--- Input material Enclosed Below ---

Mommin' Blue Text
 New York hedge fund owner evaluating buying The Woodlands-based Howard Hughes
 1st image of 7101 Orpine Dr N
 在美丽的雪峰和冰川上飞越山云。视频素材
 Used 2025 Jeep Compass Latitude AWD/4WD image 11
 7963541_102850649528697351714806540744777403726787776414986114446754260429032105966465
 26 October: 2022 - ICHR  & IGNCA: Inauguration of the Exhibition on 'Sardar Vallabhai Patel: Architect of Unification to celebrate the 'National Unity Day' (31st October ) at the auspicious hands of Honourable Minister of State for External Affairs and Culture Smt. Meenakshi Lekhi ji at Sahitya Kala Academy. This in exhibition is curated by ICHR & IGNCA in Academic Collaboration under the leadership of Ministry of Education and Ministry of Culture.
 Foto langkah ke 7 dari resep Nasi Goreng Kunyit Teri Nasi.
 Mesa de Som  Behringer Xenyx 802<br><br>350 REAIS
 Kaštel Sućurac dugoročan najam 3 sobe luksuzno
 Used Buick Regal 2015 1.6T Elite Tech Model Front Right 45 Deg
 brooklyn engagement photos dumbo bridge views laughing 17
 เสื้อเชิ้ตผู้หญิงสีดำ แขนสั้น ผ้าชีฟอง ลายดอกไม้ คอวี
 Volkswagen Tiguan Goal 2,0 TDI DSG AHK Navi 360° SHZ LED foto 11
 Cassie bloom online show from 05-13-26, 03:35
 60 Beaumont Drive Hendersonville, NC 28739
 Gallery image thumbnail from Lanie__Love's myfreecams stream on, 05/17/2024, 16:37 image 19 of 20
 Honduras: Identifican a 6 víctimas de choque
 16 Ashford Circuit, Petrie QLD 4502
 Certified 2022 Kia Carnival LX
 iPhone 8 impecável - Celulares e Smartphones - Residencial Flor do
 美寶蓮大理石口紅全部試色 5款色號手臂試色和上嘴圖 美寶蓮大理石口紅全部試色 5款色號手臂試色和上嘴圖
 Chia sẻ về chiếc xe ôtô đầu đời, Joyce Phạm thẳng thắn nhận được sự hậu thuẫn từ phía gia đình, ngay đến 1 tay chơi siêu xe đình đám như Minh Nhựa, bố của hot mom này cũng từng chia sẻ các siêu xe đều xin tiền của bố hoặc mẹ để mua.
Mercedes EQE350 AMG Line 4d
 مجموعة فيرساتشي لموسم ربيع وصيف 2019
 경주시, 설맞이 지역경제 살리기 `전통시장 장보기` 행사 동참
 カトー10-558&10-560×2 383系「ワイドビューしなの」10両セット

--- End of Enclosed Input material ---

Give back all of the records exactly as they were provided above.

Mommin' Blue Text
 New York hedge fund owner evaluating buying The Woodlands-based Howard Hughes
 1st image of 7101 Orpine Dr N
 在美丽的雪峰和冰川上飞越山云。视频素材
 Used 2025 Jeep Compass Latitude AWD/4WD image 11
 7963541_102850649528697351714806540744777403726787776414986114446754260429032105966465
 26 October: 2022 - ICHR  & IGNCA: Inauguration of the Exhibition on 'Sardar Vallabhai Patel: Architect of Unification to celebrate the 'National Unity Day' (31st October ) at the auspicious hands of Honourable Minister of State for External Affairs and Culture Smt. Meenakshi Lekhi ji at Sahitya Kala Academy. This in exhibition is curated by ICHR & IGNCA in Academic Collaboration under the leadership of Ministry of Education and Ministry of Culture.
 Foto langkah ke 7 dari resep Nasi Goreng Kunyit Teri Nasi.
 Mesa de Som  Behringer Xenyx 802<br><br>350 REAIS
 Kaštel Sućurac dugoročan najam 3 sobe luksuzno
 Used Buick Regal 2015 1.6T Elite Tech Model Front Right 45 Deg
 brooklyn engagement photos dumbo bridge views laughing 17
 เสื้อเชิ้ตผู้หญิงสีดำ แขนสั้น ผ้าชีฟอง ลายดอกไม้ คอวี
 Volkswagen Tiguan Goal 2,0 TDI DSG AHK Navi 360° SHZ LED foto 11
 Cassie bloom online show from 05-13-26, 03:35
 60 Beaumont Drive Hendersonville, NC 28739
 Gallery image thumbnail from Lanie__Love's myfreecams stream on, 05/17/2024, 16:37 image 19 of 20
 Honduras: Identifican a 6 víctimas de choque
 16 Ashford Circuit, Petrie QLD 4502
 Certified 2022 Kia Carnival LX
 iPhone 8 impecável - Celulares e Smartphones - Residencial Flor do
 美寶蓮大理石口紅全部試色 5款色號手臂試色和上嘴圖 美寶蓮大理石口紅全部試色 5款色號手臂試色和上嘴圖
 Chia sẻ về chiếc xe ôtô đầu đời, Joyce Phạm thẳng thắn nhận được sự hậu thuẫn từ phía gia đình, ngay đến 1 tay chơi siêu xe đình đám như Minh Nhựa, bố của hot mom này cũng từng chia sẻ các siêu xe đều xin tiền của bố hoặc mẹ để mua.
Mercedes EQE350 AMG Line 4d
 مجموعة فيرساتشي لموسم ربيع وصيف 2019
 경주시, 설맞이 지역경제 살리기 `전통시장 장보기` 행사 동참
 カトー10-558&10-560×2 383系「ワイドビューしなの」10両セット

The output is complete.